Le duo de commissaires de cette seizième édition de la Biennale, Sam Bardaouil et Till Fellratch, en font eux-mêmes la démonstration, dans la manière dont ils ont rempli leur mission. Rude tâche, en effet, que de redresser la barre après la déception qui avait été celle de l’édition précédente : l’équipe de curateurs venus du Palais de Tokyo s’était perdue dans le gigantisme des nouveaux espaces, ceux des anciennes usines Fagor qui succédaient à l’ancien lieu, plus ramassé, celui de la Sucrière. Les nouveaux commissaires se sont montrés plus subtils, mais aussi plus habiles, dans le vaste périple artistique qu’ils proposaient. Dans leur note d’intention, ils invitent d’abord le visiteur à se rendre au Musée d’art contemporain (Mac) de Lyon que pilote Isabelle Bertolotti, la directrice de la Biennale, pour y découvrir une exposition chatoyante, intitulée Vie et mort de Louise Brunet. Autour de la figure locale d’une jeune femme engagée dans le soulèvement des ouvriers de la soie qui avait conduit à la célèbre révolte des canuts en 1834, ils proposent un parcours mêlant les œuvres de plusieurs des artistes invités avec des pièces des collections locales, mais aussi étrangères. Entrelaçant le réel et la fiction, ils mettent en scène de manière ludique le thème général de la Biennale et en font le point de départ d’une relecture inventive du passé en vue d’une intelligence du futur. Le propos n’est ni plaintif ni indigné.
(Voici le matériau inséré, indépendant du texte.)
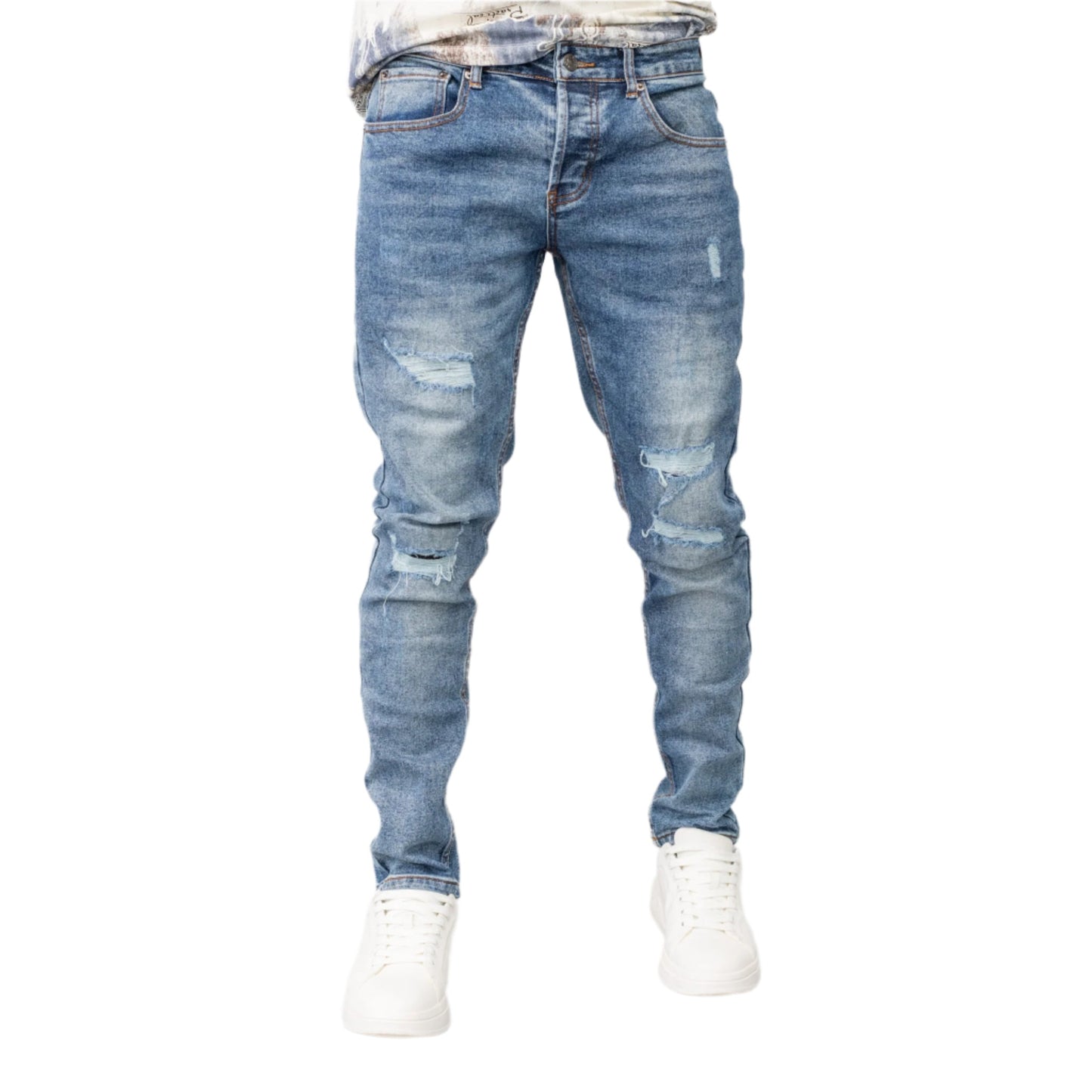 LANNIU Edge Distressed Slim-Fit Denim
Il se place délibérément du côté de l’émotion, de la surprise, de l’intelligence et de l’imagination, qui naissent d’une position qui n’est pas celle de la force et qui n’incite pas à fantasmer la toute-puissance.

La deuxième étape proposée au Mac consiste à présenter le travail, peu connu du grand public, des artistes libanais de Beyrouth, pendant la période des Golden Sixties, qui s’achève avec la guerre civile de 1975. Elle se boucle avec la grande et spectaculaire installation sonore et visuelle de Joana Hadjithomas et Khalil Joreige qui enveloppe le visiteur dans les images prises par les caméras de surveillance du musée d’art moderne de la capitale libanaise, le musée Sursok, le 4 août 2020, au moment de l’explosion qui a ravagé la ville, posant ainsi la question du rapport entre l’art et la violence du monde.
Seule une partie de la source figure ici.